--- START ---
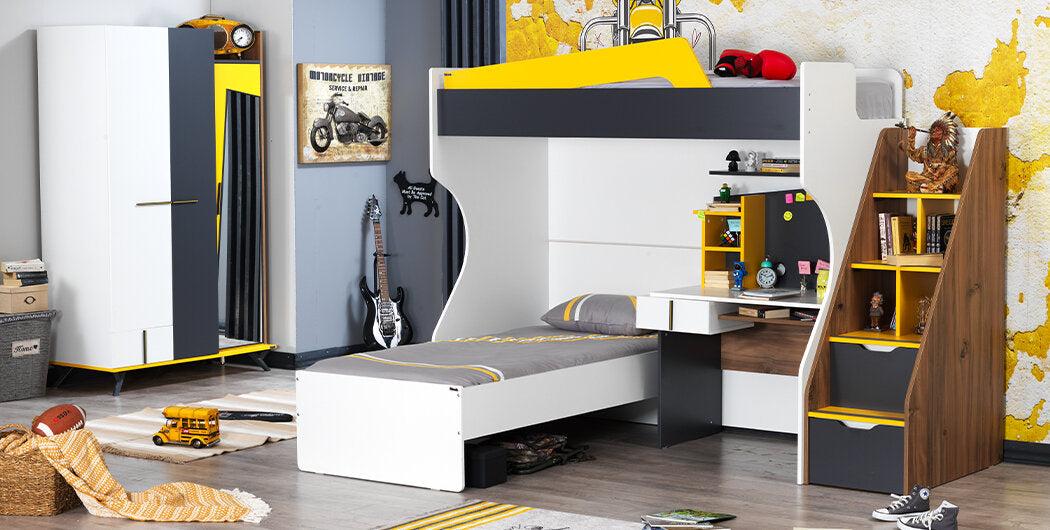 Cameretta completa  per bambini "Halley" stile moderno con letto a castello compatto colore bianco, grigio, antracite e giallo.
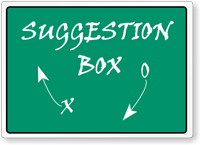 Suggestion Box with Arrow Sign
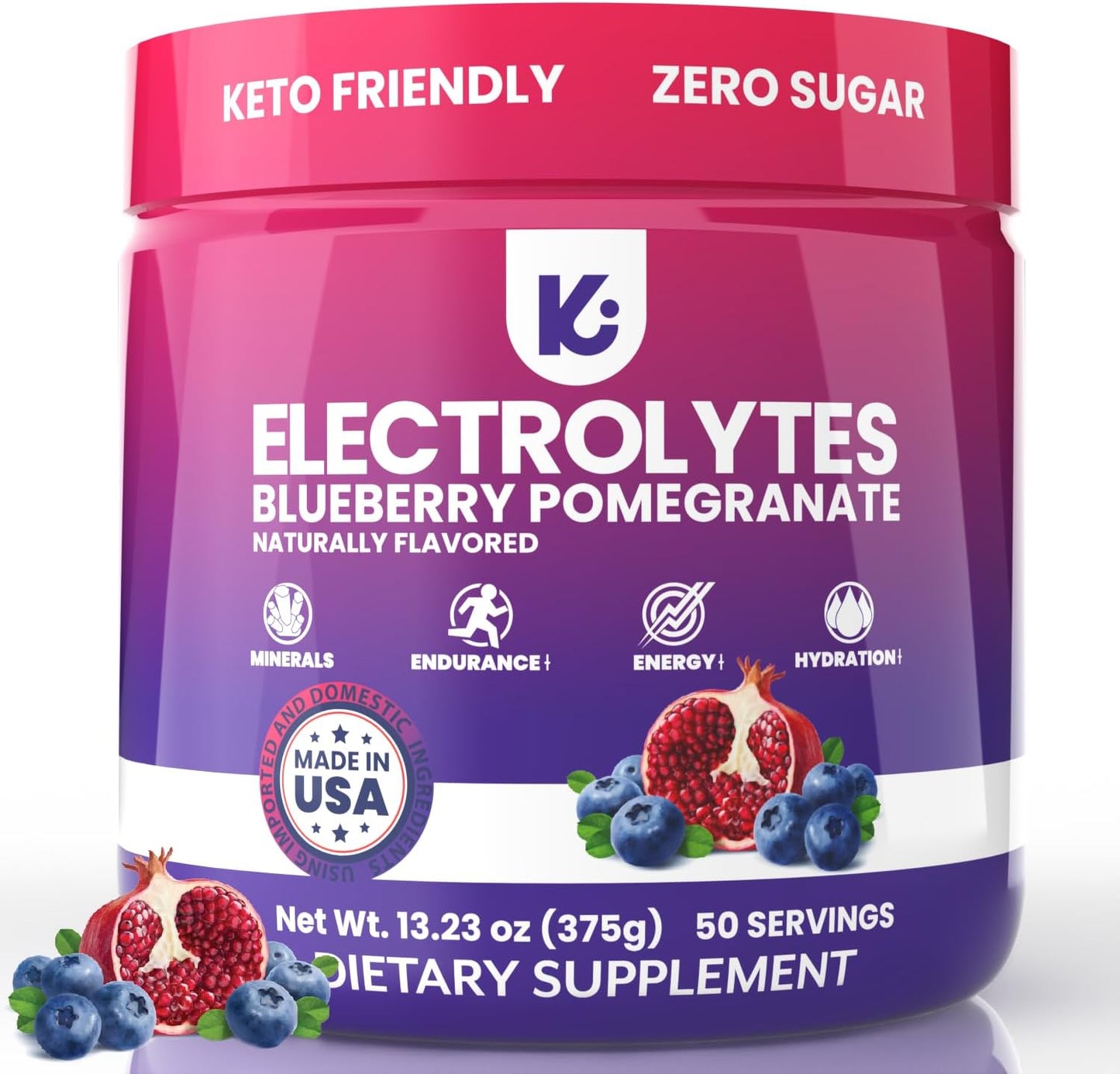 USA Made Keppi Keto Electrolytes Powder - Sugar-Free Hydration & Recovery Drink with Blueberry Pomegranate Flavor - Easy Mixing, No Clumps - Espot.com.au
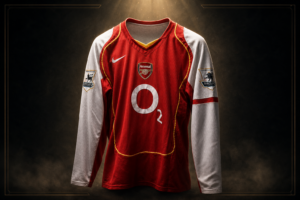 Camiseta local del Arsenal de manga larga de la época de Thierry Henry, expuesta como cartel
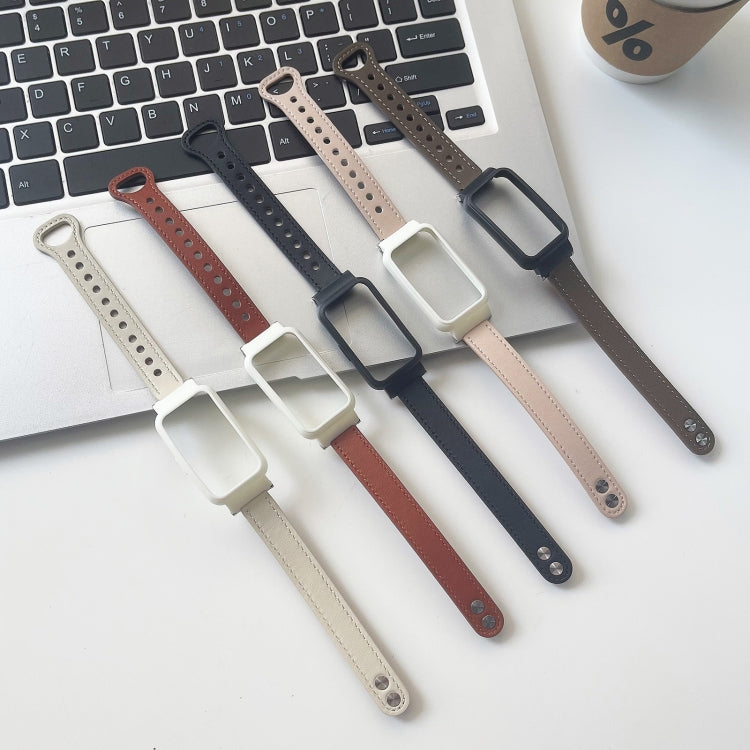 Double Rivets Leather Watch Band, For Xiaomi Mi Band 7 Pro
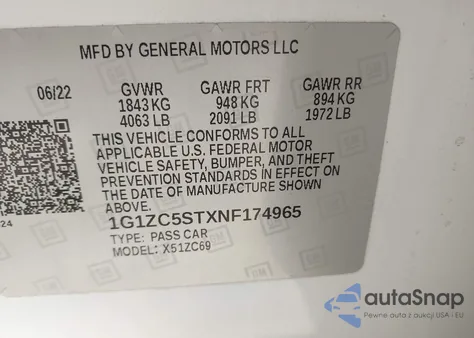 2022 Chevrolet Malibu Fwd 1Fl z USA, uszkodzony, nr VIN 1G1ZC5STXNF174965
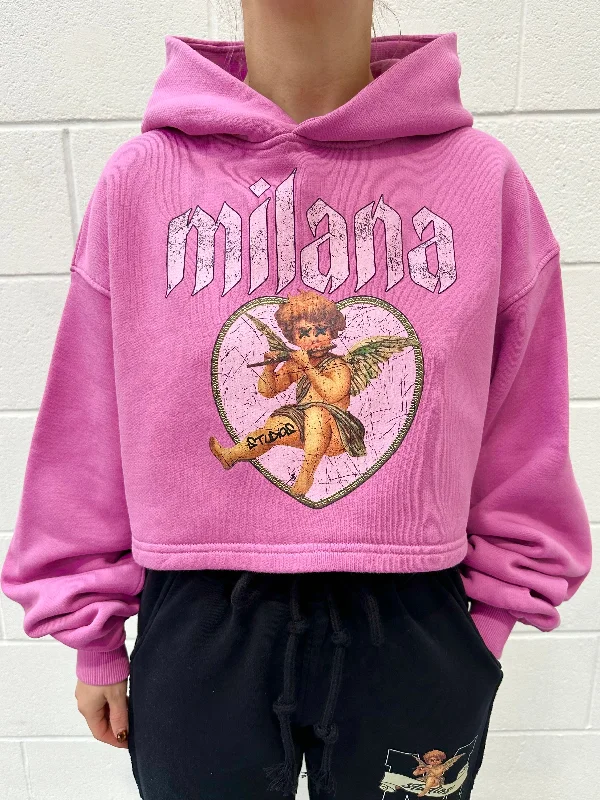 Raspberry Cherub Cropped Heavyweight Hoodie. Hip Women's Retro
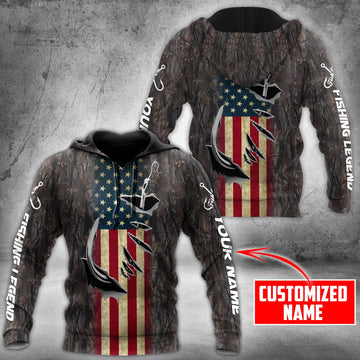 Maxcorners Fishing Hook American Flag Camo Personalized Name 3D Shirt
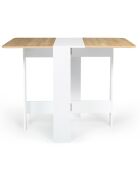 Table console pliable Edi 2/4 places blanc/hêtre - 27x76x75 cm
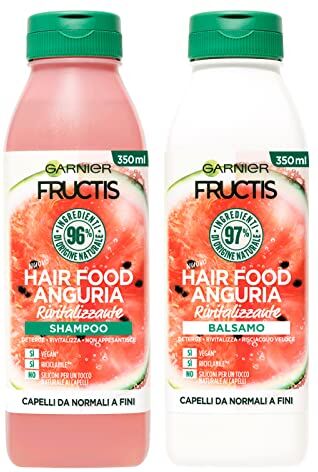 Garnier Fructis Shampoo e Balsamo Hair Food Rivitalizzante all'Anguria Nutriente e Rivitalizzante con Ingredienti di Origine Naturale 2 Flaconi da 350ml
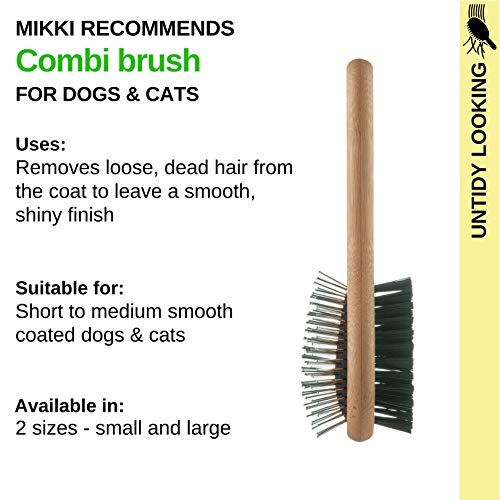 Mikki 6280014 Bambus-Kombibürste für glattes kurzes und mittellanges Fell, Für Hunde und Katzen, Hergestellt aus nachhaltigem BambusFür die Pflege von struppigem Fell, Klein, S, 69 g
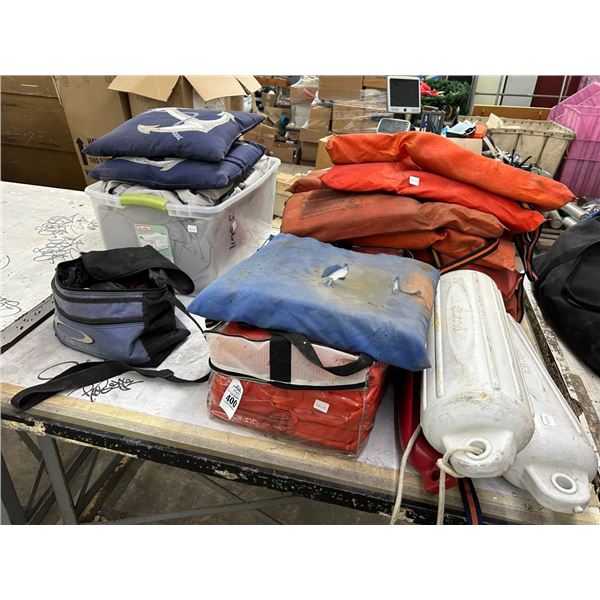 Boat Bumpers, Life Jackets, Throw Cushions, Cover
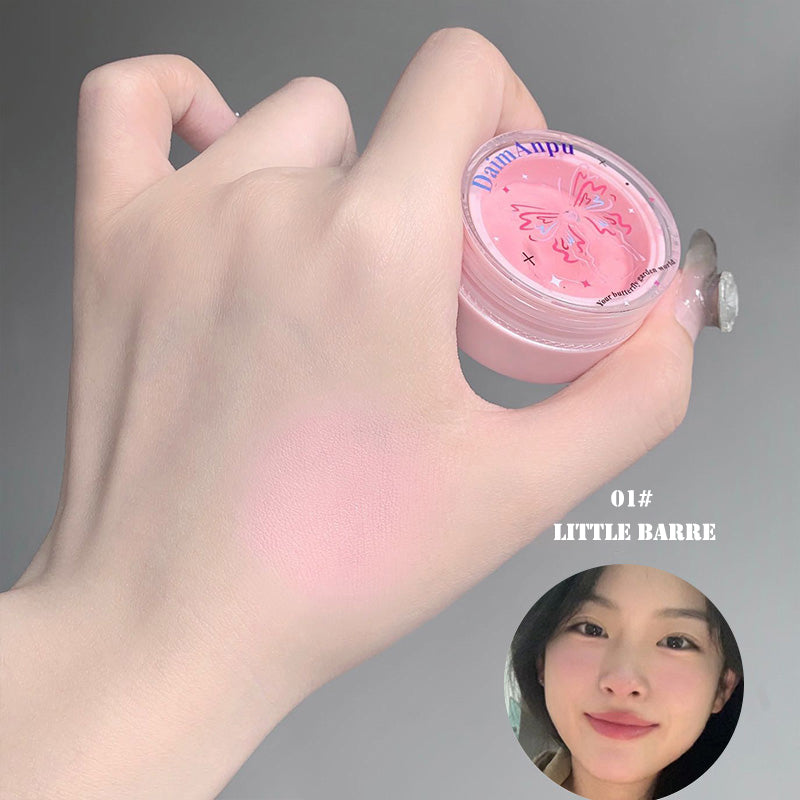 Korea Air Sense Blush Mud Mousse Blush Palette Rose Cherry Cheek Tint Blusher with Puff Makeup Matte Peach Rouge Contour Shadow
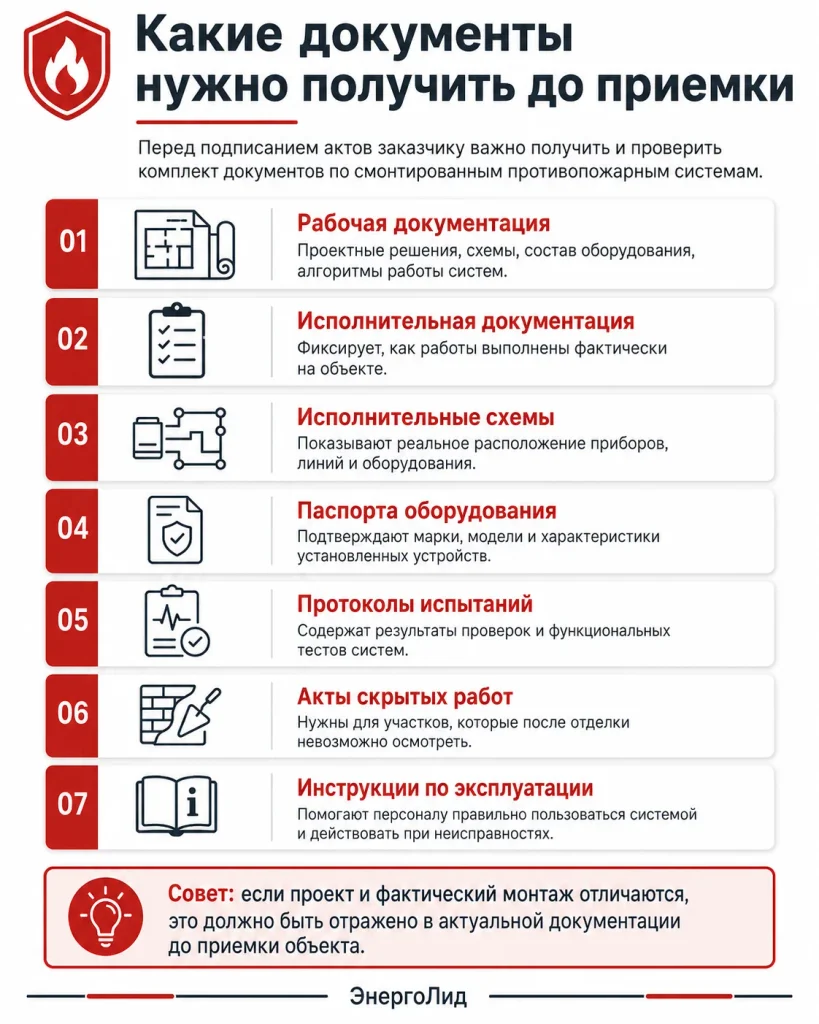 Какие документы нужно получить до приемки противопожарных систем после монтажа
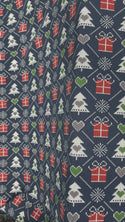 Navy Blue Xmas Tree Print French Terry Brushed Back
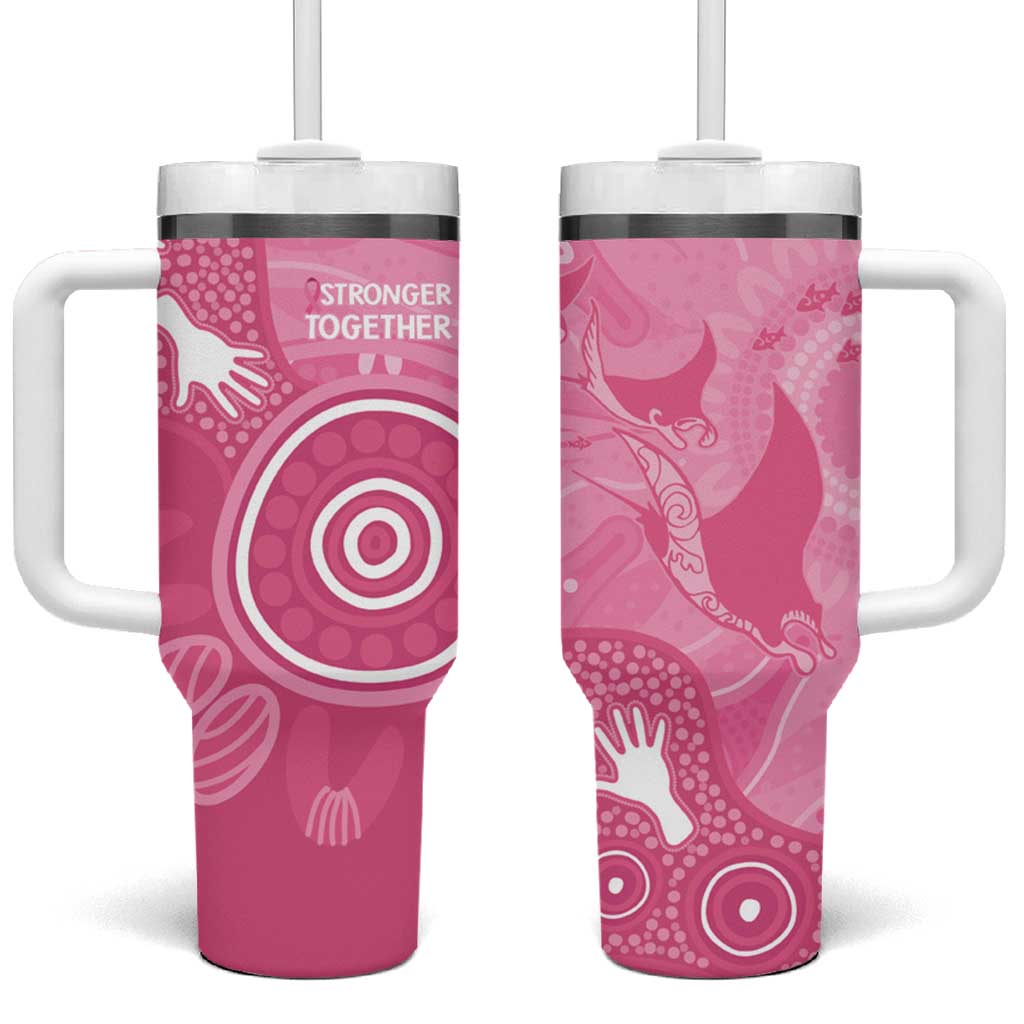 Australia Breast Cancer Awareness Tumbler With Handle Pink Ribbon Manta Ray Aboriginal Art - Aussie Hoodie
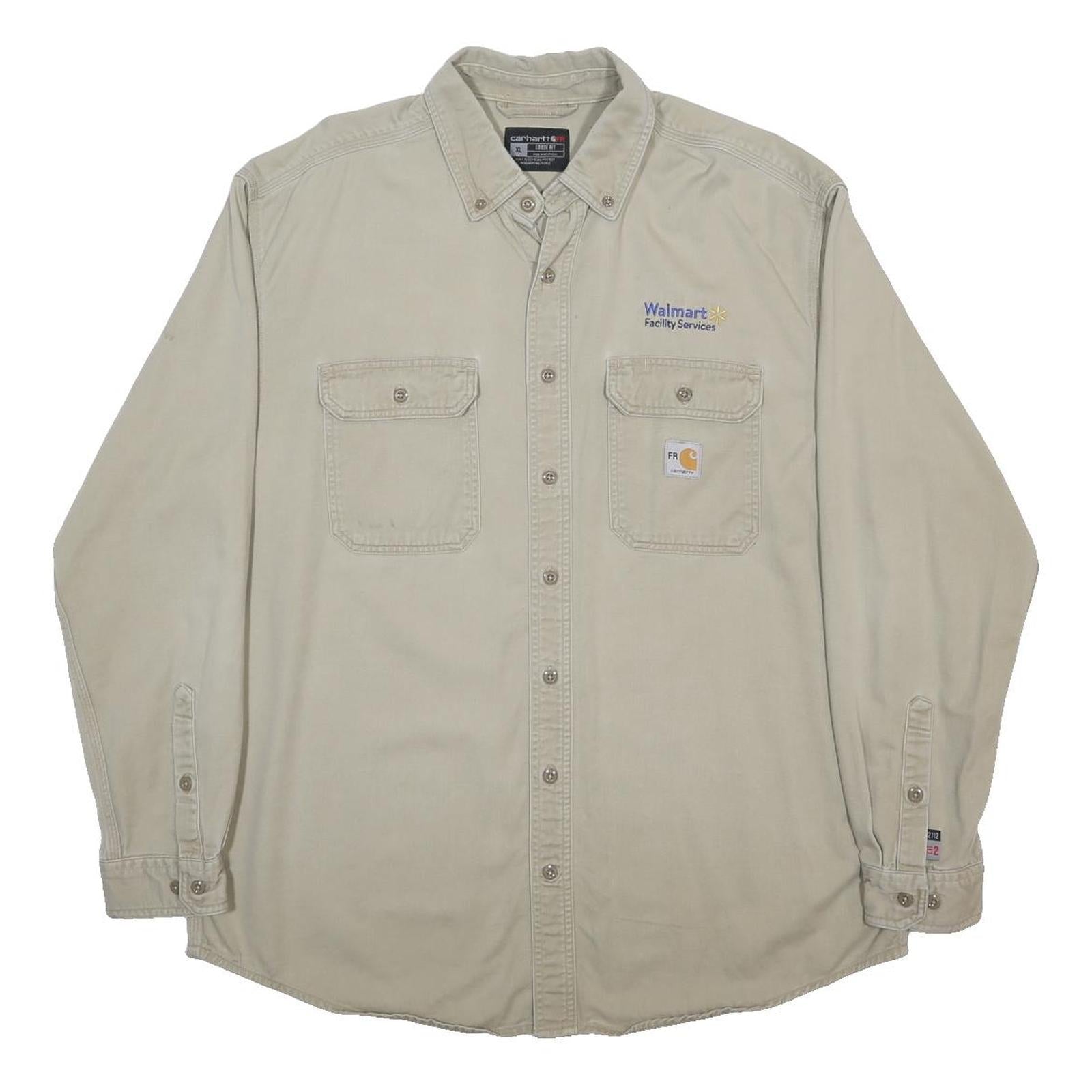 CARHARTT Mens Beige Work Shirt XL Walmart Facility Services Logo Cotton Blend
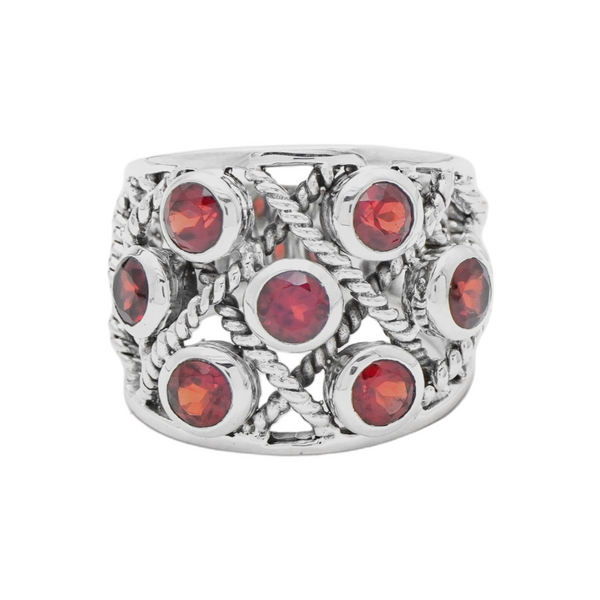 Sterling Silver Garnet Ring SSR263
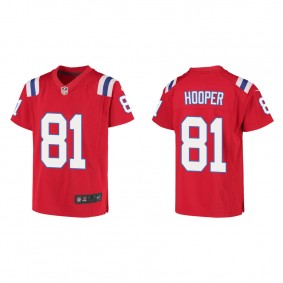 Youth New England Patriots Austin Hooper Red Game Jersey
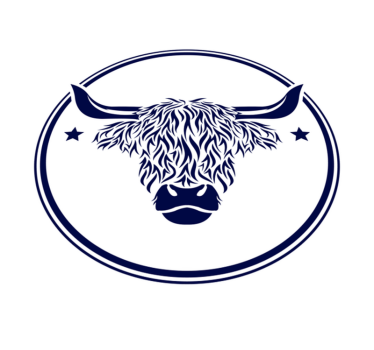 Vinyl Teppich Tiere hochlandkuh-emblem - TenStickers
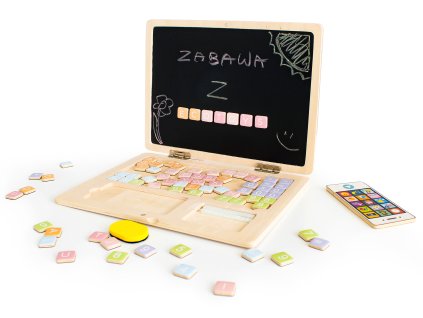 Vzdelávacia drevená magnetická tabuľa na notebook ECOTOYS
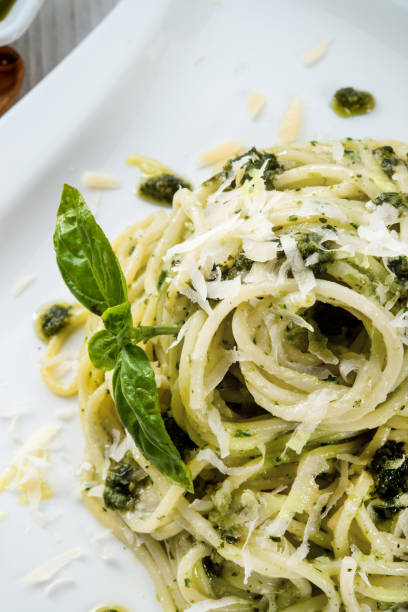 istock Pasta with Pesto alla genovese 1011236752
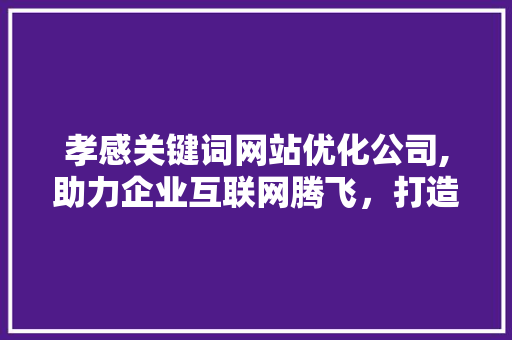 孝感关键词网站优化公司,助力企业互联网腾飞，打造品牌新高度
--- END ---
Task requirements
Make an exact copy of the lines from the top of the material through the line with "Camiseta local del", pictures excluded.

Reply
 Cameretta completa  per bambini "Halley" stile moderno con letto a castello compatto colore bianco, grigio, antracite e giallo.
 Suggestion Box with Arrow Sign
 USA Made Keppi Keto Electrolytes Powder - Sugar-Free Hydration & Recovery Drink with Blueberry Pomegranate Flavor - Easy Mixing, No Clumps - Espot.com.au
 Camiseta local del Arsenal de manga larga de la época de Thierry Henry, expuesta como cartel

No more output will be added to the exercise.